Here, the courts written order is inconsistent with its earlier oral pronouncement as to the former husbands distribution from the trust account representing his share of the overpayment from 2016. The court orally ruled that the former husband was entitled to $12,305.50, after adjusting for the apparent deficit in the trust account. In its written order, however, the court ruled that nothing would be distributed as to the overpayment from 2016 because all the funds in the trust account were to be distributed to account for the parties’ separate and distinct entitlement to the 2017 overpayment. This ruling was entered without an intervening evidentiary hearing.
We therefore reverse the written order as to this issue. On remand, the court shall amend the written order to conform to its prior oral pronouncement stating the former husband is entitled to a distribution of $12,305.50, representing his share of the overpayment from 2016.
Although the parties have not raised the issue, our reversal on this point will result in an order that directs disbursement of more funds than are held in the trust account.
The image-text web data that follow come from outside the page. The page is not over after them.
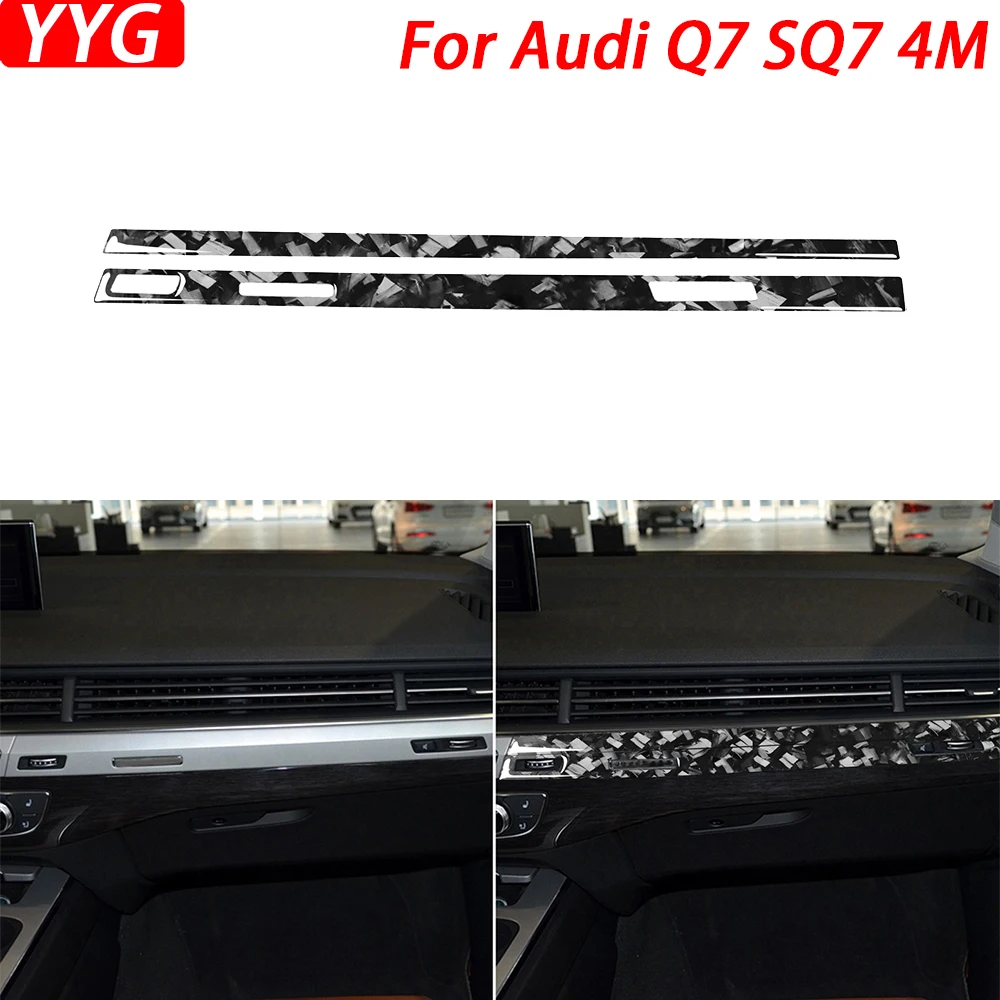 

For Audi Q7 SQ7 4M 2016-2019 Forged Carbon Fiber Copilot Dashboard Panel Trim Strip Interior Car Accessories Modified Sticker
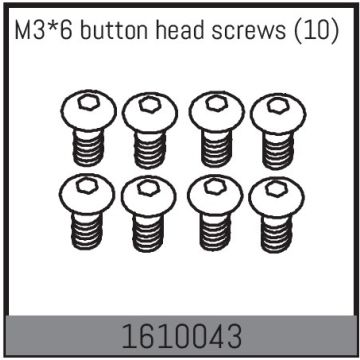 Absima M3*6 Button Head Screws (10) (AB1610043)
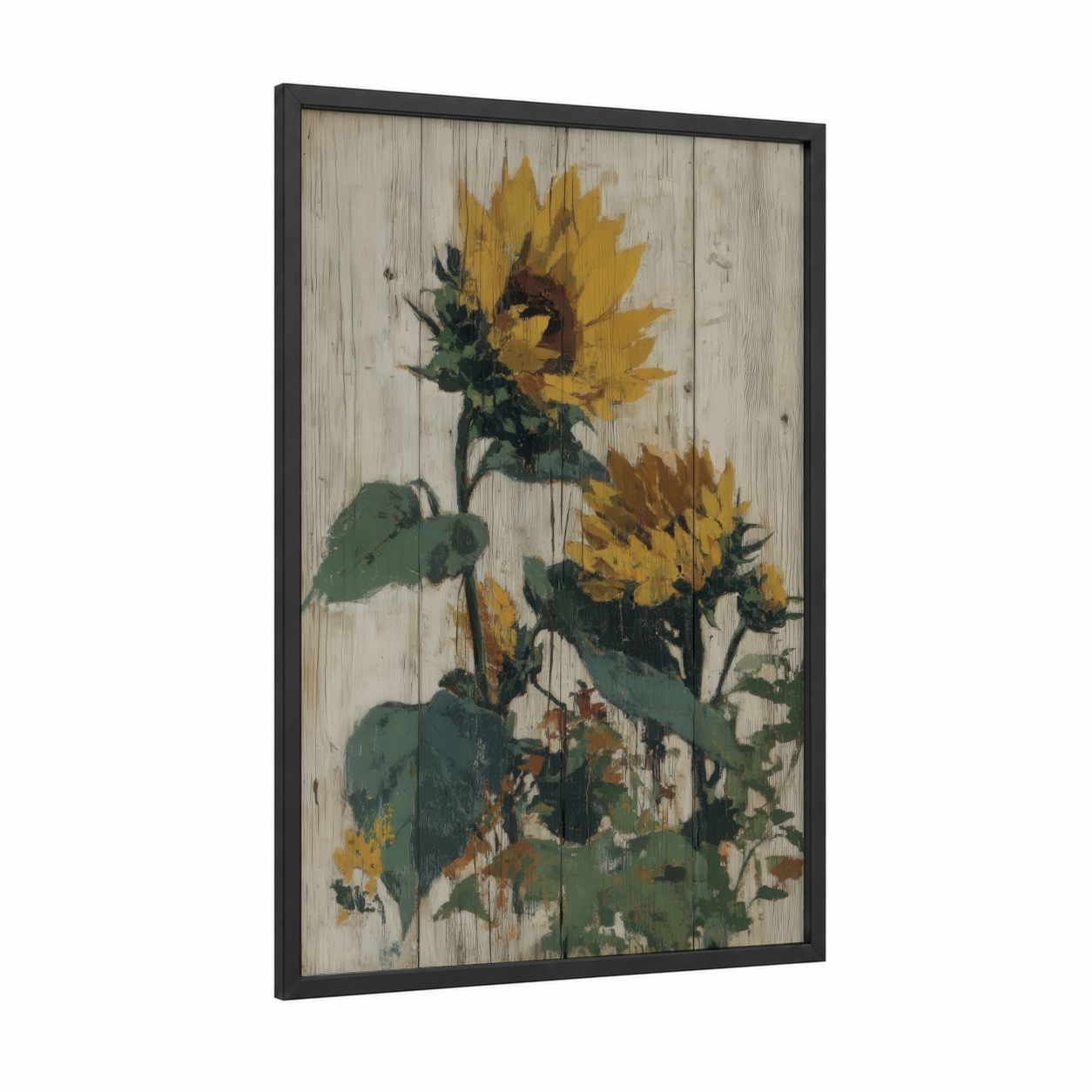 Rustic Sunflowers framed art print — black wood frame — gold and sage green palette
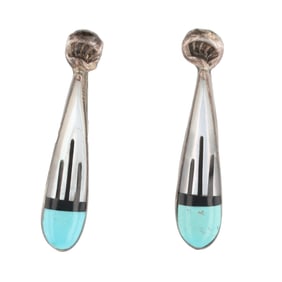 Vintage Zuni Sterling Multistone Inlay Earrings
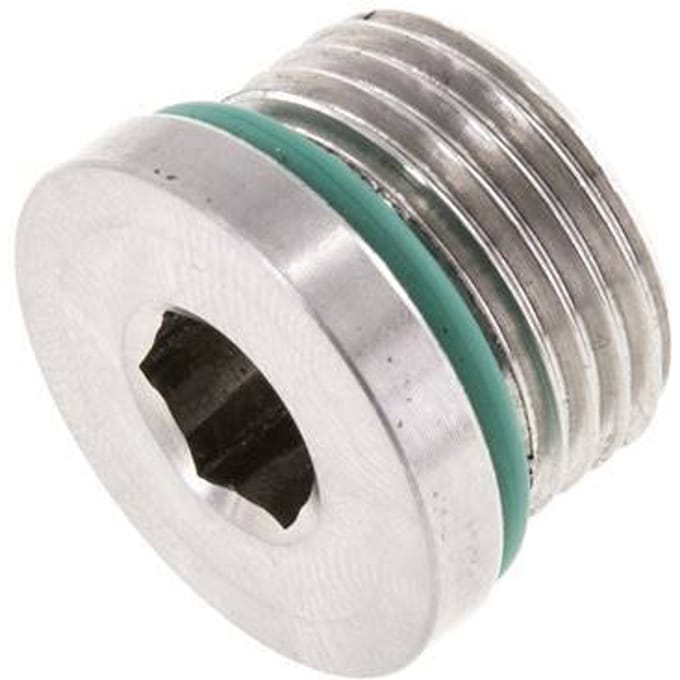 Plug UNF 3/4''-16 RVS FKM met binnenzeskant 630bar (8851.5psi)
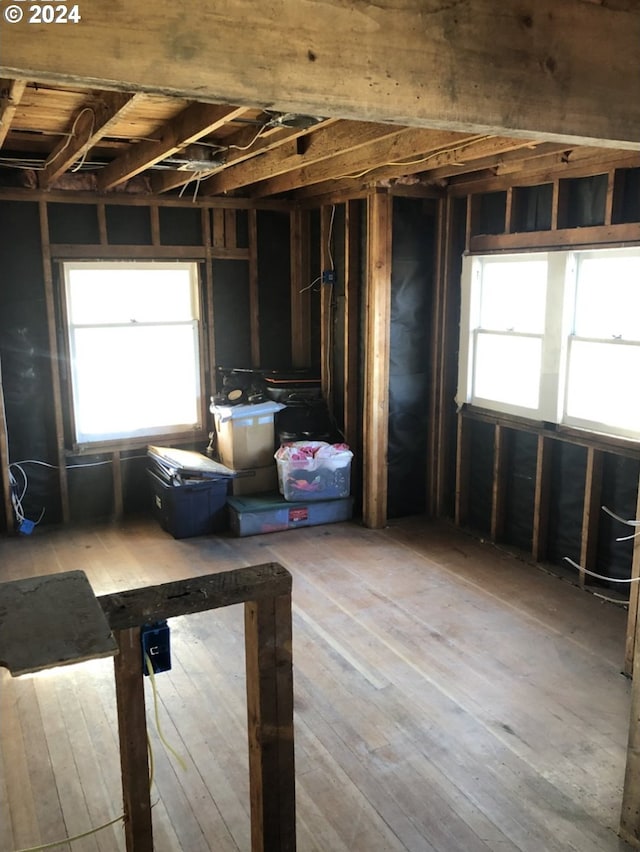 misc room featuring light wood-type flooring and a healthy amount of sunlight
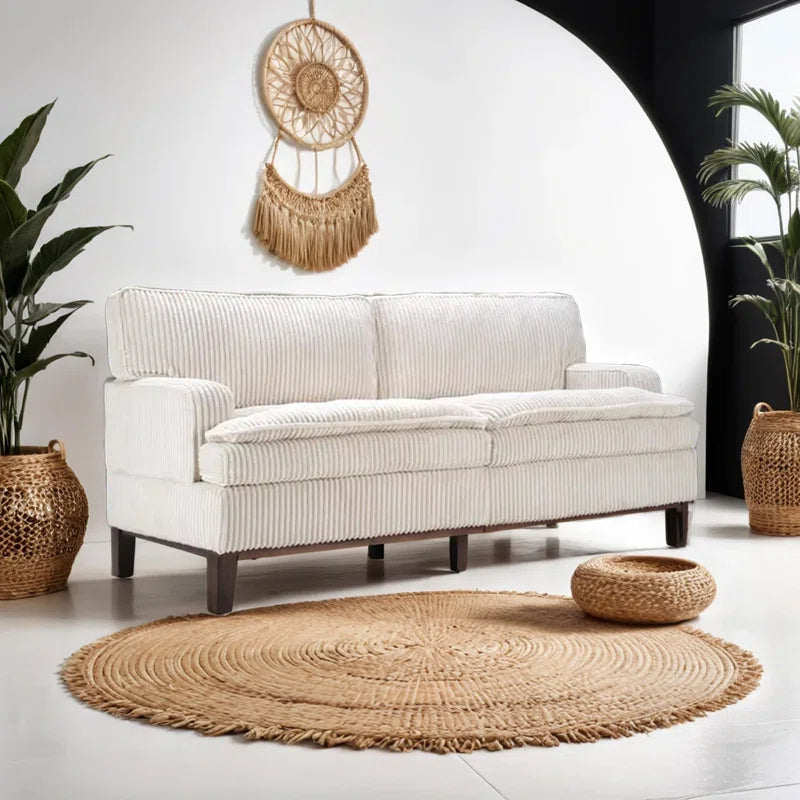 Modern Design Corduroy Upholstered Cushion Sofa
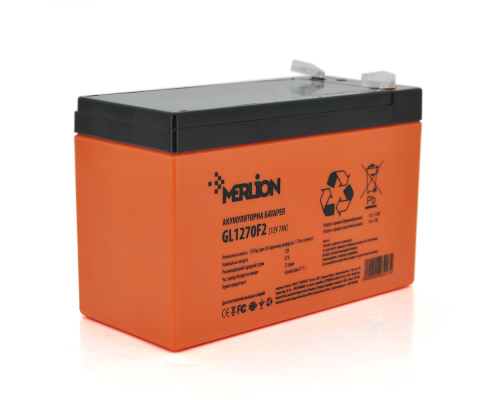 Акумуляторна батарея MERLION GL1270F2 12 V 7Ah ( 150 x 65 x 95 (100) Orange Q10/480 Акумуляторна батарея MERLION GL1270F2 12 V 7Ah ( 150 x 65 x 95 (100) Orange Q10/480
This is because neither party argued on appeal that the written order was inconsistent with the oral pronouncement as to the share awarded to the former wife. We leave it to the parties to raise the appropriate motions on remand to resolve this issue. Cf. Sweeney v. Sweeney, 583 So. 2d 398, 399 (Fla. 1st DCA 1991) (where reversal of certain portions of order necessarily affected overall plan for equitable distribution, remanding for reconsideration of the equitable scheme “in an effort to do equity and justice to both parties”).
Attorneys Fees
Both parties’ briefs included requests for appellate attorneys fees. We deny both requests because neither party filed a separate motion nor cited a substantive basis for an attorneys fees award. See Fla. R. App. P. 9.400(b); Garcia v. Collazo, 178 So. 3d 429, 430 (Fla. 3d DCA 2015); McCreary v. Fla. Residential Prop. & Cas. Joint Underwriting Assn, 758 So. 2d 692, 696 (Fla. 4th DCA 1999).
Affirmed in part, reversed in part, and remanded with instructions. Requests for attorneys fees denied.
Per Curiam.
Ciklin, Forst and Kuntz, JJ., concur.